Tuesday, August 30, 2016

Two Connecticut River Lighthouses

Going through my old postcards recently, I found the one below of Hayden Light. I researched it and discovered it was the old Essex River Reef Lighthouse, built in 1889 on a reef inside the Connecticut River, not far north of Long Island Sound.



The name Hayden's Light was a local moniker used by the folks living along the river. It honored a longtime lightkeeper named Gilbert Hayden who rowed to the lighthouse twice a day to light and then extinguish its sixth-order lens. Records I found don't indicate the fuel source, but it was probably kerosene.

Bernie Hayden also kept the Essex Reef Light. He may have been a relative of Gilbert Hayden, possibly his son. In Bermie Hayden's later years, his eyesight failed, but he continued to work as a lamplighter until the light was made automatic in 1919. A side note to his service: Mariners and local folk in Essex sometimes teased Bernie by saying the lighthouse has lifted off its foundation and floated away.

The keepers had several months' vacation in the winter when the light was extinguished due to ice on the river. They probably worked at jobs ashore from late December until March.

The Lighthouse Service decided to construct this lighthouse and one farther upriver on Chester Rock due to the high volume of ship traffic on the river. By 1880, sizable vessels traveled all the way from Long Island Sound up to Hartford. Congress appropriated $15,000 to light the river, which included the beacons at Essex Reef and Chester Rock. 

Both were built to the same specifications. The design called for a 25-foot wooden, shingled tower with a black lantern. A submarine foundation consisting of a wooden crib sheathed in metal and filled with rocks rose above the reef and the tower sat atop the crib on a concrete base. A ladder ran up the side of the foundation and the exterior of the tower for access to the lantern room. There was room in the base of the tower for storage of tools and fuel. Both the Essex Reef Light and the Chester Reef Light (shown below, photo from the Deep River Historical Society) displayed sixth-order Fresnel lenses. My research doesn't reveal the type of fuel used, but it probably was kerosene.

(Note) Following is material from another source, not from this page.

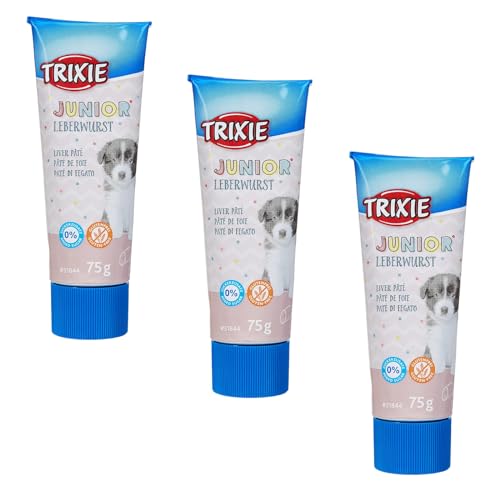Trixie JUNIOR Leberwurst für Hundewelpen | 3er Pack | 3 x 75 g | Schmackhafter Snack für Junge Hunde | Mit reduziertem Salz- und Gewürzgehalt | Mit Grünlippmuschel Trixie JUNIOR Leberwurst für Hundewelpen | 3er Pack | 3 x 75 g | Schmackhafter Snack für Junge Hunde | Mit reduziertem Salz- und Gewürzgehalt | Mit Grünlippmuschel von TRIXIE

Essex Reef Light began its career in the summer of 1889 with a fixed red light. It was changed to fixed white in 1892. Chester Rock Light was replaced by an automatic skeleton tower in 1912, and thereafter no keeper was needed. Essex Reef Light continued in operation until about 1919 when it, too, was replaced by an automatic skeleton beacon. It was converted to a gas light in 1931. The whereabouts of the original sixth-order lenses for these lighthouses is unknown. 

The Coast Guard replaced both lights with modern square steel towers by the 1970s. The image below, from Alex Trabas' website, shows the Essex Reef Light today. It's not as quaint and pretty as the old wooden tower, but it does the job.


The 26 foot steel tower is surmounted by a plastic beacon that flashes green every 4 seconds.  A green dayboard has #25 on it, to identify the beacon in the lineup of river lights. Locals still refer to this as Hayden's Light. It sits off Hayden's Point, named for the first lightkeeper who rowed from his home on the point twice a day so long ago.